There’s a duality at play with the new Fitz and The Tantrums album that the band has yet to experience in their eight years of existence.
On the one end, long time fans and reviewers have taken notice at the distinct departure their new self-titled record makes sonically. On the other hand, they may just have their most marketable, broadly appealing song in “Handclap.”
amNewYork had a chance to chat with bass guitarist Joe Karnes about the shift in style, comparisons to another Top 40 band in the market and whether or not they truly can make our hands clap.
The self-titled album is a real departure from where you guys started musically with “Picking Up The Pieces.” Was that a conscious decision or did it simply take shape organically?
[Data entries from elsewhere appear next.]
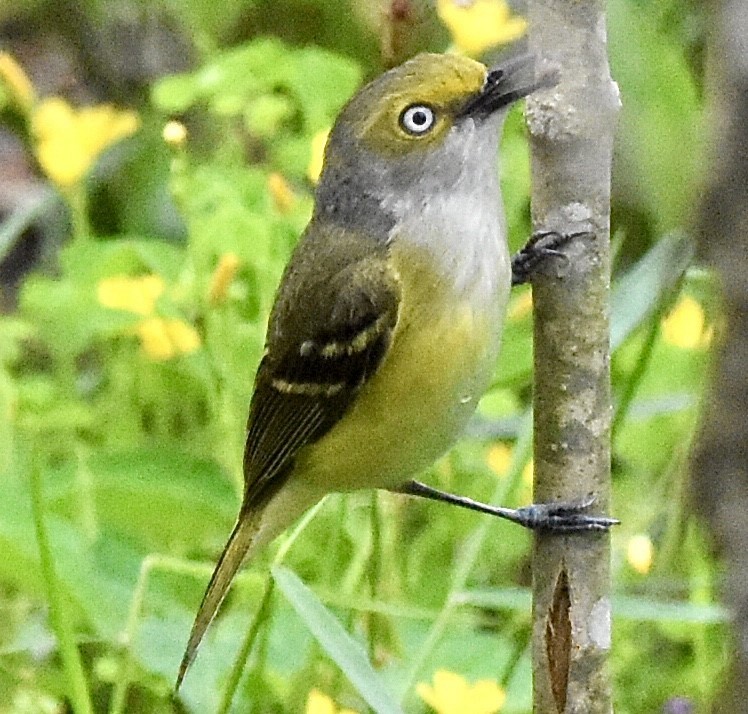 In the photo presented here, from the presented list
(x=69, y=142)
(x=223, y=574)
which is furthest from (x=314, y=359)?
(x=69, y=142)

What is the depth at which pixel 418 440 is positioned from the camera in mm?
1822

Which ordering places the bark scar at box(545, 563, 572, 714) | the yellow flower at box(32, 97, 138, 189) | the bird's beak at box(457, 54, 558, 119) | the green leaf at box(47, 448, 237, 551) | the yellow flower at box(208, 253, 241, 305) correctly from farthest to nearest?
the yellow flower at box(32, 97, 138, 189) → the green leaf at box(47, 448, 237, 551) → the yellow flower at box(208, 253, 241, 305) → the bird's beak at box(457, 54, 558, 119) → the bark scar at box(545, 563, 572, 714)

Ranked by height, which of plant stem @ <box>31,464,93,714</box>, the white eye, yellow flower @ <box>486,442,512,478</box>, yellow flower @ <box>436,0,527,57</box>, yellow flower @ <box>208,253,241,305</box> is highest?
yellow flower @ <box>436,0,527,57</box>

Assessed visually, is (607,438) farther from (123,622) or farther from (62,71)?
(62,71)

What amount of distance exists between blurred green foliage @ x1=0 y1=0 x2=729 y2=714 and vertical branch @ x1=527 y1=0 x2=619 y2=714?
8.6 inches

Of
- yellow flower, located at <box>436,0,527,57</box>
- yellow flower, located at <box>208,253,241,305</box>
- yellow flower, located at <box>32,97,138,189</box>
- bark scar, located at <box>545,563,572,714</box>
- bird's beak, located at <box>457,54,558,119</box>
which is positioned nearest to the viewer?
bark scar, located at <box>545,563,572,714</box>

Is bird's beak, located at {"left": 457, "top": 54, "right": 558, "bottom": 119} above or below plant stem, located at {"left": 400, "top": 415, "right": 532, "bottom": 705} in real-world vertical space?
above

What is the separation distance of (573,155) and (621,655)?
3.72ft

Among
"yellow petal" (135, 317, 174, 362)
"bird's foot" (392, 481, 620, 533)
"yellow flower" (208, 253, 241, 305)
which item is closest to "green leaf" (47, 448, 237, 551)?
"yellow petal" (135, 317, 174, 362)

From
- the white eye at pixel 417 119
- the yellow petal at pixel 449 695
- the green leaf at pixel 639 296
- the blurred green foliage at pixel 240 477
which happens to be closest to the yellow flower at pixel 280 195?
the blurred green foliage at pixel 240 477

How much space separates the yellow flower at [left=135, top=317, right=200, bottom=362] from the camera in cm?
226

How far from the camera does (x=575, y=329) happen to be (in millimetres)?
1408

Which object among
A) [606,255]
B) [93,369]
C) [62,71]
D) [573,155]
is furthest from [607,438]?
[62,71]

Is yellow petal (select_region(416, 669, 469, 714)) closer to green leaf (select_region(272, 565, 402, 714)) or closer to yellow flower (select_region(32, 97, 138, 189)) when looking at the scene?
green leaf (select_region(272, 565, 402, 714)) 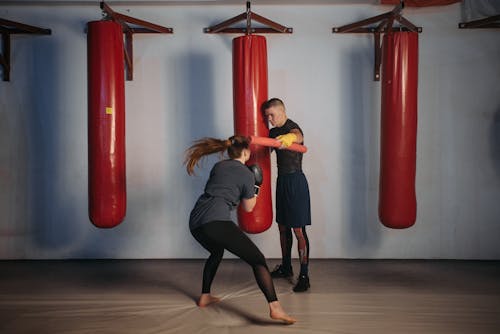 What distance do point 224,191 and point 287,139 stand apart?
0.60m

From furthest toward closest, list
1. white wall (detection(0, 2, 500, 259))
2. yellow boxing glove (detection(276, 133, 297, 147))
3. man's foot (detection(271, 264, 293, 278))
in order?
white wall (detection(0, 2, 500, 259))
man's foot (detection(271, 264, 293, 278))
yellow boxing glove (detection(276, 133, 297, 147))

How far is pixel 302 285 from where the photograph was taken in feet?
9.26

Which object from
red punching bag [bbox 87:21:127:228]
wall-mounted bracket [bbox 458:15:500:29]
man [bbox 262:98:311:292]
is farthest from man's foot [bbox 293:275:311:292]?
wall-mounted bracket [bbox 458:15:500:29]

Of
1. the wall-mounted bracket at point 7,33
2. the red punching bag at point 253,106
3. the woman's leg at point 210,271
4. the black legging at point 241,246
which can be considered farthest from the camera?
the wall-mounted bracket at point 7,33

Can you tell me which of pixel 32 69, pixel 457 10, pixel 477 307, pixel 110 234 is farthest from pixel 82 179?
pixel 457 10

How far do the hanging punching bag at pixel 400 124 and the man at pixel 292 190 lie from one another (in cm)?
60

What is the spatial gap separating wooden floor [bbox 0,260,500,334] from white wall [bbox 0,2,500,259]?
0.81 feet

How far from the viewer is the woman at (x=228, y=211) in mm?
2221

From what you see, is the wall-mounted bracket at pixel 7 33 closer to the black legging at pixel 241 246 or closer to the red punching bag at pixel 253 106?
the red punching bag at pixel 253 106

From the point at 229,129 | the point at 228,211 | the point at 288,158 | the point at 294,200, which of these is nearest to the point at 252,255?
the point at 228,211

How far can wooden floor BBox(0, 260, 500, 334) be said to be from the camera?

We actually brought in a ton of different music, some of which actually harkened back to the earlier records’ sound. [But] we like pushing ourselves. When I look at this record there are some elements that push it forward sonically. But then there are some songs like “Roll Up” or “Walking Target” that are more of a bridge back to the energy we had on the first record and “More Than Just a Dream.”
Was there fear people would label this your sell-out record?
You can’t really go there. Any time you release something that you create, it is your baby, so you want people to like it. We have faith our fans will dig it. We love it and we’re proud of this record and we have to go along with that feeling.
Comparisons to Maroon 5 have now popped up across the internet. Is that fair?
You can compare us to people all you want, but the most important thing for us is that we’re growing and keeping ourselves excited. To do the same thing over and over would not be exciting. We understand it can be polarizing for people who really loved “Picking Up The Pieces” and that’s their Fitz and the Tantrums. But we see [our band] in the much more broad definition.
Speaking of broad, “Handclap” is being touted as “the song of the summer” by many. How does it feel to have such a mainstream hit on your hands?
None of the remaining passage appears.